Le scientifique souligne que, paradoxalement, son pays peut se vanter de voir sa couverture forestière augmenter. Celle-ci atteint même 21,34% du pays en 2016, soit 70,17 millions d’hectares. Mais derrière ces chiffres, se cache une réalité tout autre sur le terrain car les forêts originelles ne représentent plus que 2,60%, soit 85 904 km2.
Nouvelle menace pour le Gibbon hoolock
Le remplacement des forêts primaires riches en biodiversité en forêts silencieuses, le nom donné en Inde aux palmeraies à huile, réduit considérablement l’habitat des espèces sauvages.
Dans le Nord de l’Inde et au Bangladesh vit le Gibbon hoolock occidental.
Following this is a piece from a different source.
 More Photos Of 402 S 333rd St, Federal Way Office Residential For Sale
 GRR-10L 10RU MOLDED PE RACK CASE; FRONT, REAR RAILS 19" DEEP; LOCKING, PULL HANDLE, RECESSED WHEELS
Le seul singe vivant à l’état sauvage de l’Inde, mais dont la population a déjà été considérablement réduite en l’espace de quelques années, sous l’effet du braconnage et du morcellement de son habitat naturel, la forêt.
Comme l’orang-outan menacé en Asie du Sud-Est, le gibbon occidental est dorénavant confronté à une destruction rapide de son habitat, et donc de sa nourriture. Si les ONG et associations de défense de l’environnement sont bien évidemment sur le pied de guerre, il appartient à chacun d’entre nous de réagir en refusant, dans la mesure du possible, de consommer de l’huile de palme.